Authors: Lasse T. Keetz, Kristoffer Aalstad, Rosie A. Fisher
Special thanks to: Matvey Vladimirovich Debolskiy, Kaveh Karimi-Asli, the CTSM, FATES, and NorESM development teams, Cleary et al. (2021), FLUXNET, and the SMEAR II research network.
Code accompanying the research paper preliminarliy titled "Inferring parameters in a complex land surface model by combining data assimilation and machine learning" by Keetz et al. (in prep.). Adapts the approximate Bayesian inference framework termed "calibrate, emulate, sample" introduced by Cleary et al. (2021). Uncertainty-aware land surface model parameter estimation based on evapotranspiration and gross primary production flux observations. As a proof of concept, we assimilate single-site CLM-FATES outputs with (synthetic and real) eddy-covariance observations from a boreal forest site in southern Finland (Hyytiälä). The code currently relies on some hard-coded quick fixes and machine specific installations - use at own risk.
Clone the repository.
git clone https://github.com/lasseke/fates-ces.git
Install Mamba or Anaconda. Within the fates-ces
directory, create a virtual environment with the Python dependencies via:
# Optional: module load [name_of_anaconda_module]
conda env create -f conda_env.yaml [-p env/installation/path]
source activate fatescal-env [or env/installation/path]
This will also install the code in the repo's fatescal
package in development mode.
Edit the model_machine_config.txt
file to specify the CLM-FATES model version and other details. Then run:
# Assumes that git is installed and loaded!
python3 install_model.py
# On SIGMA-2 machines, execute install_model_with_modules.py for convenience
Note that your machine must be configured to run CLM-FATES. See https://escomp.github.io/ctsm-docs/versions/release-clm5.0/html/users_guide/overview/quickstart.html and the links therein to get started.
After successfully installing the software and its dependencies, several steps need to be completed before the parameter estimation can be executed. First, you need to create the CLM-FATES input and climate forcing data - refer to this shell script written for the create_data.py tool for inspiration. Next, you need to prepare the observational data that should be assimilated. Currently, this needs to be a csv file with a pandas.to_datetime()-compatible DateTime column (required to synchronize and resample the data) and one additional column per variable for the corresponding observations (see the Hyytiälä example files). The units and desired aggregation frequency must be specified in the config file (see below).
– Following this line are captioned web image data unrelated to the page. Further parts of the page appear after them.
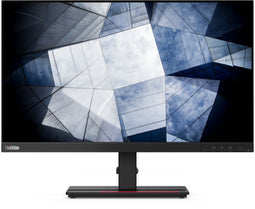 Lenovo ThinkVision P24h-2L - Monitor 23,8" - Quad HD 2560x1440 - Zwart
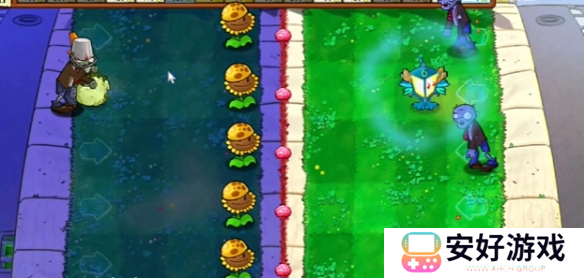 植物大战僵尸杂交版益智模式怎么玩 植物大战僵尸杂交版益智模式晨昏线玩法攻略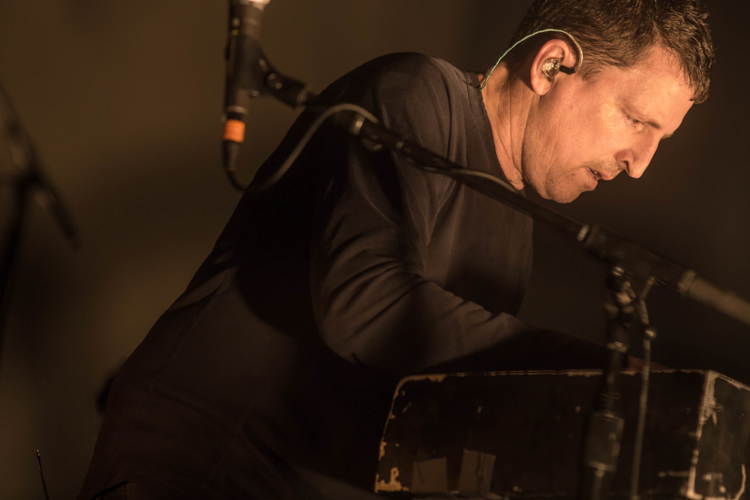 Nine Inch Nails Go Deep at Ascend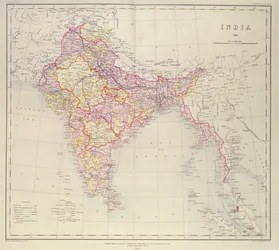 Carte de l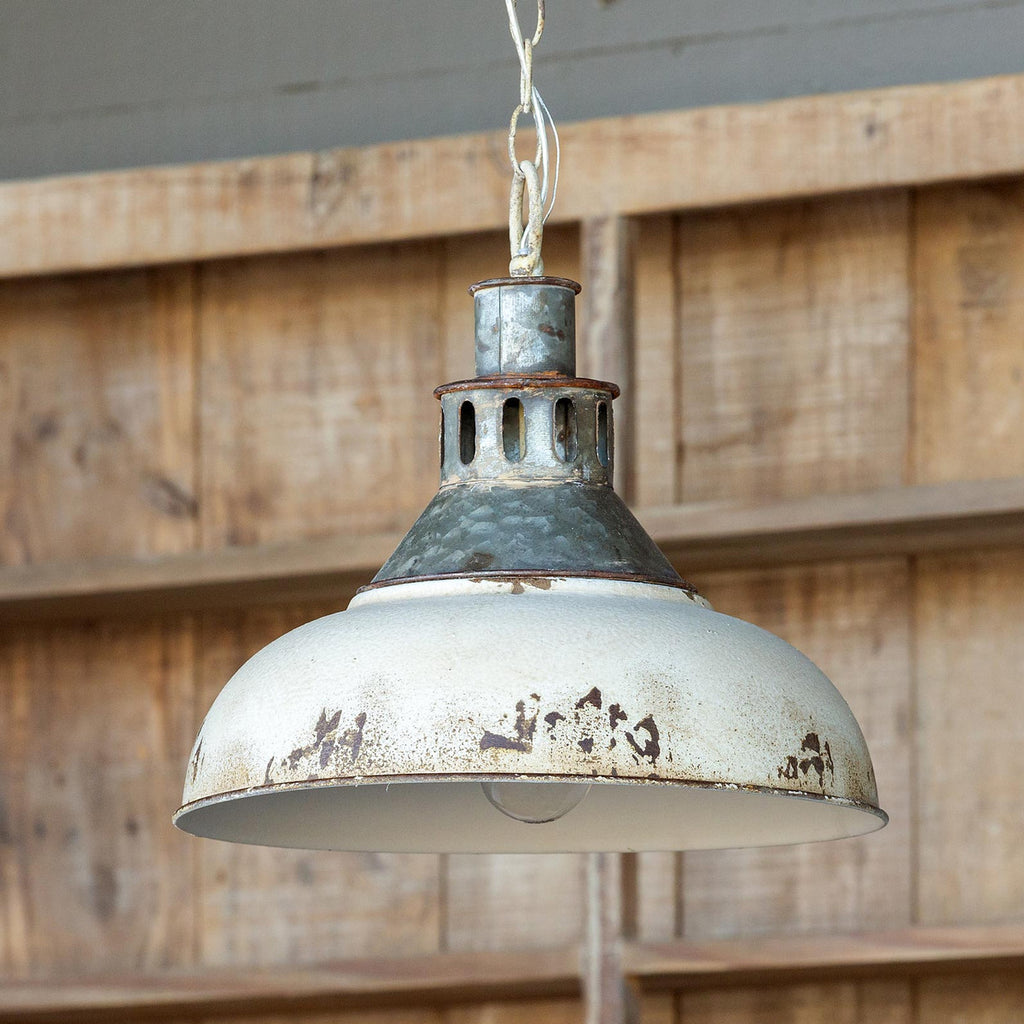 Cast Iron Ceiling Pendant Light Hook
Many important workflow settings must be specified in the config.py file, such as the number of ensemble members, the path to the observational data file, the CTSM compset, etc. Follow the file layout specified in this example file.
Specify the prior settings (name of distribution, lower and upper bounds, default values, etc.) in fatescal/config.py
. Then navigate to scripts/python/cesm_ensemble_runs/
and execute:
python3 01_generate_fates_priors.py -n [name_stem_of_output_files]
# For example:
python3 01_generate_fates_priors.py -n vcmax_bbslope_pm50percent
This will randomly draw N_ENSEMBLE_MEMBERS
parameter sets from the specified prior distributions and store them in different file formats (.csv, .json, .pkl).
In scripts/python/cesm_ensemble_runs/
, run
python3 04_calibrate.py -n [name_stem_of_parameter_files]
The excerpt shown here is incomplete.